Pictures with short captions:

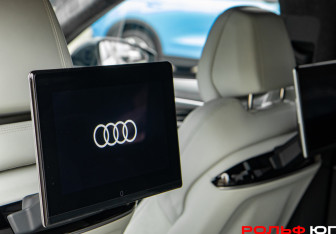 Подержанный автомобиль Audi A8 2022 года (19 фото)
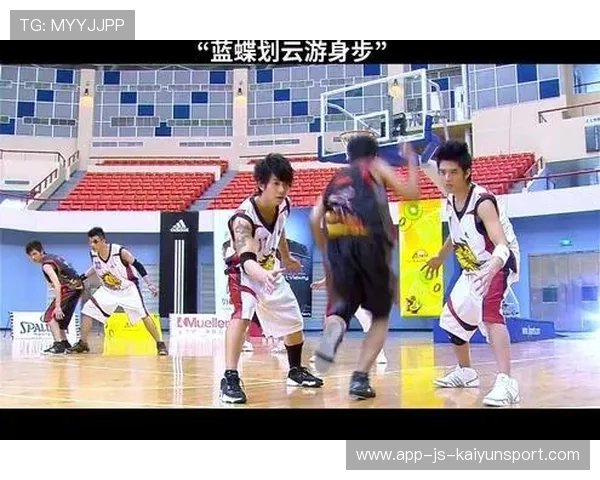 200蝶滑行距离：美选手更擅前段推进，滑蝶游身步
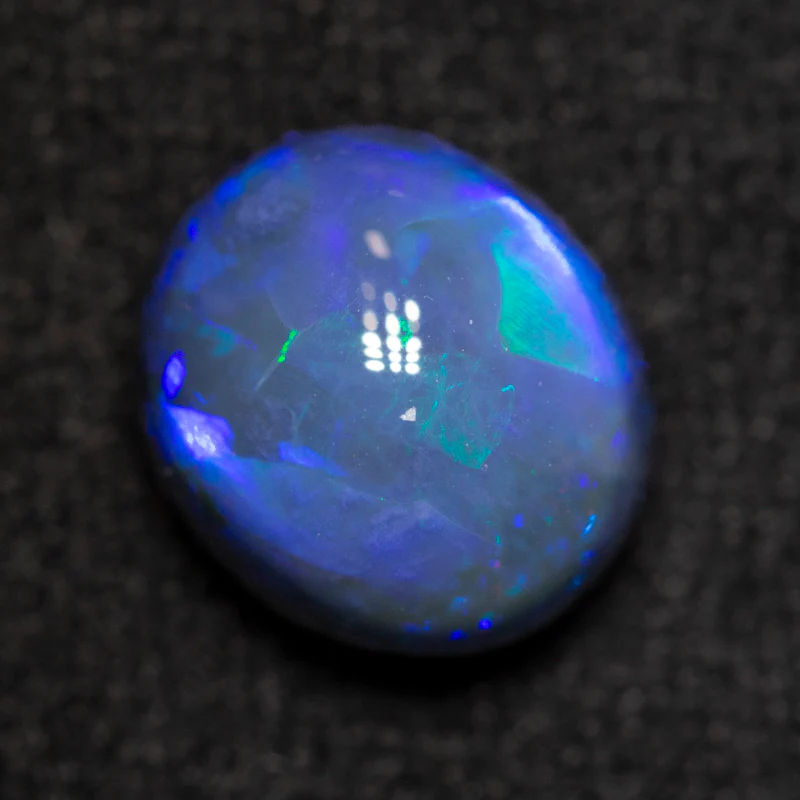 2.14 ct black opal 8.6x7.4x5.7mm - Image 2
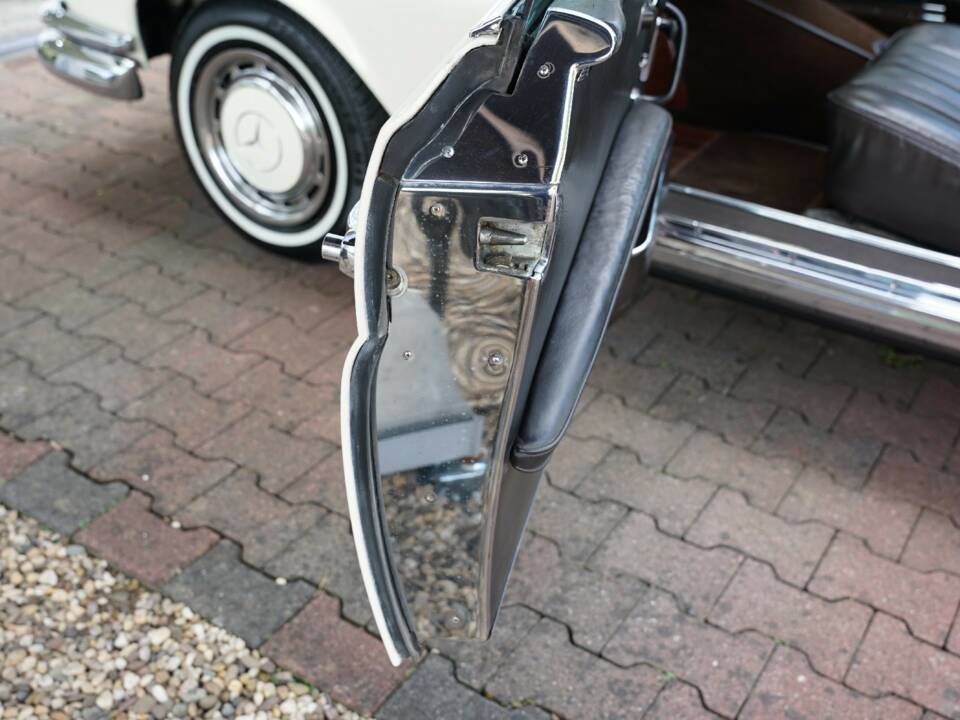 Image 49/50 de Mercedes-Benz 280 SE (1968)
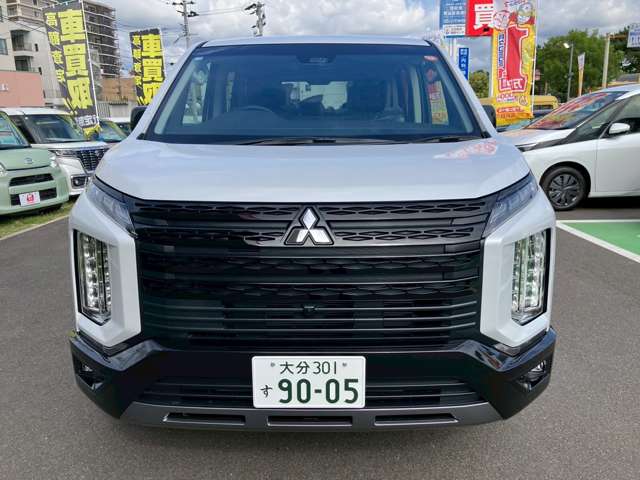 三菱 デリカ　Ｄ：５ ２．２ シャモニー 電動サイドステップ装着車 ディーゼルターボ ４ＷＤ R7年 (九州・沖縄) 99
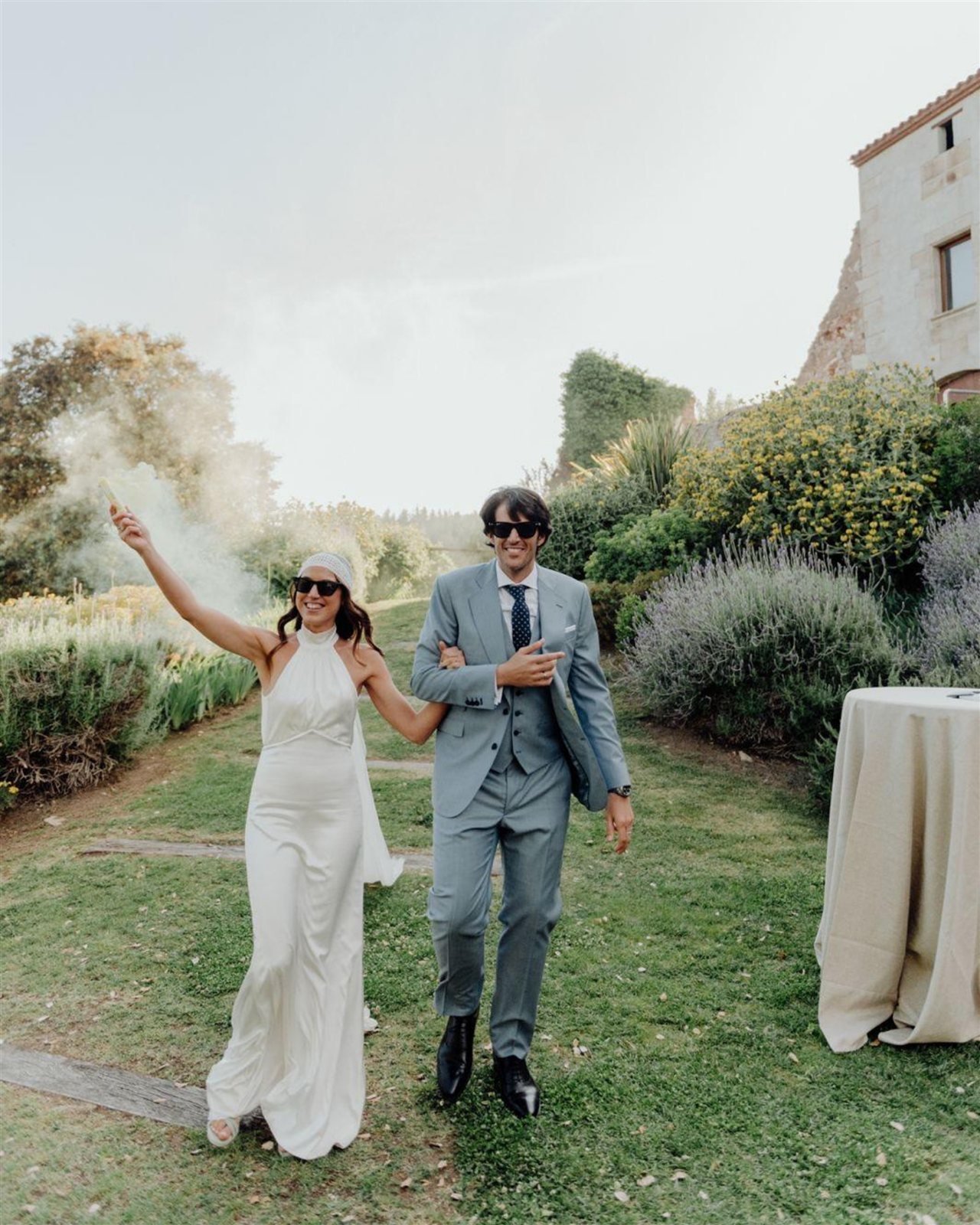 Gemma con el vestido de satén de seda sin las mangas durante la fiesta en los jardines del Monestir de Sant Salvi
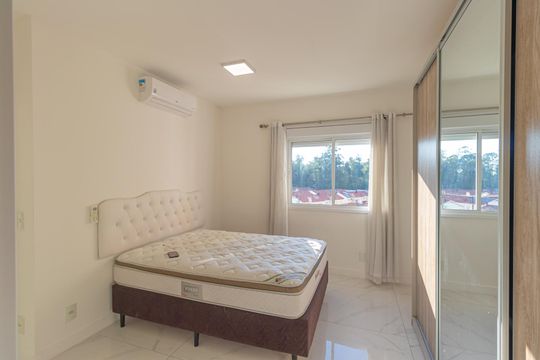 Quarto 2 de apartamento para alugar com 2 quartos, 61m² em Marechal Rondon, Canoas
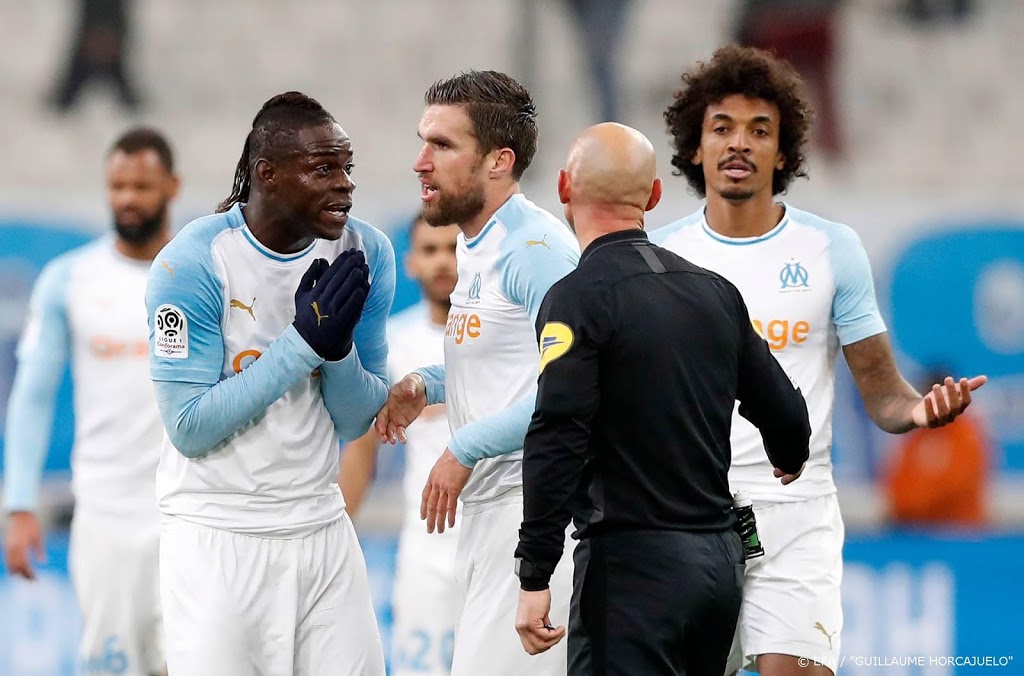 Transferwaarde voetballers daalt 30 procent door coronacrisis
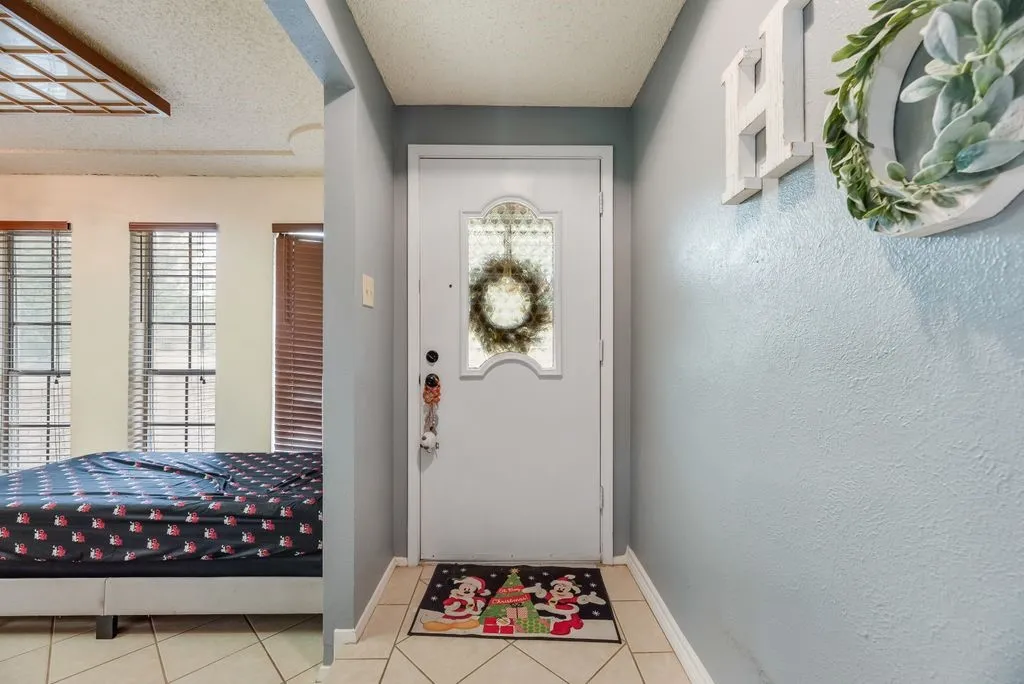 Single Family Residence For Sale in Tarrant County , 22 Spring Oaks Road, Burleson, Texas 76028, 3 Bedroom, 2 Bathroom, 2 Garage spaces, 1,677 Sqft, built in 1974, mls#21403285, Real Estate Agent in Burleson, Homes For Sale in Tarrant county, Homes For Sale in Burleson, Realtor in Burleson Texas, Real Estate Brokerage Independent Realty Texas, Luminita Cordes Realtor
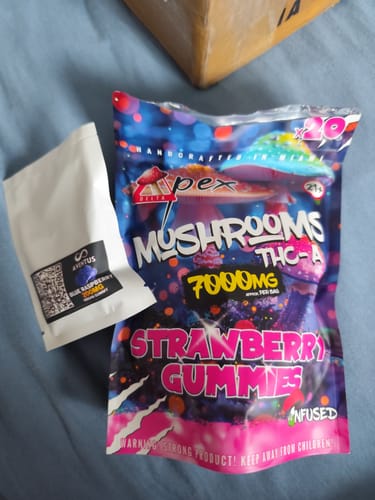 Customer photo review of Strawberry Gummies Mushroom THC-A 7,000mg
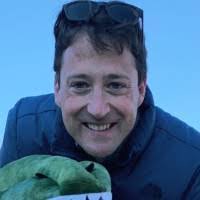 Brad Leeman's Instagram, Twitter & Facebook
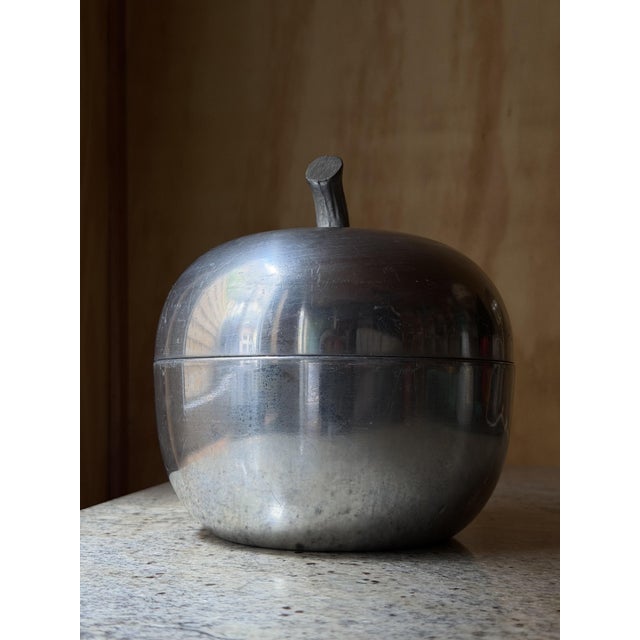 Mid-Century Modern Italian Aluminum Apple Ice Bucket with Textured Stem, 1960s For Sale - Image 11 of 14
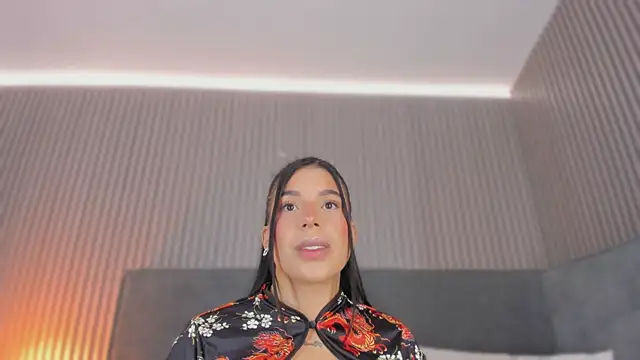Snapshot of emelie_89 chatting on 01.06.26 emelie 89 online show from 01.06.26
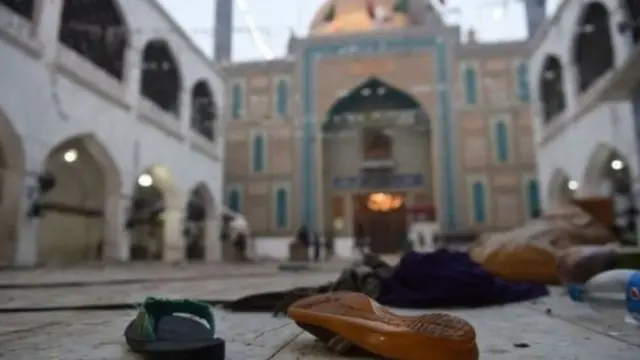 पाकिस्तान में बम हमले के बाद की तस्वीर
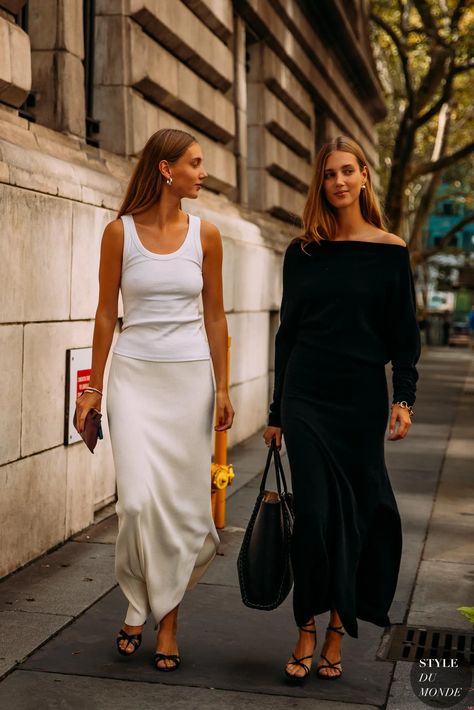 City Summer Outfits, Cecilie Moosgaard, 2024 Street Style, Ss 2024, New York Outfits, Milan Fashion Week Street Style, Reportage Photography, Chic Skirts, Streetstyle Fashion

> Exercise goal
What you need to produce is an exact copy of the entries above, limited to the lines from the one with "Customer photo review" up to and including the one with "Mid-Century Modern Italian", without pictures.

> Response to the task
 Customer photo review of Strawberry Gummies Mushroom THC-A 7,000mg
 Brad Leeman's Instagram, Twitter & Facebook
 Mid-Century Modern Italian Aluminum Apple Ice Bucket with Textured Stem, 1960s For Sale - Image 11 of 14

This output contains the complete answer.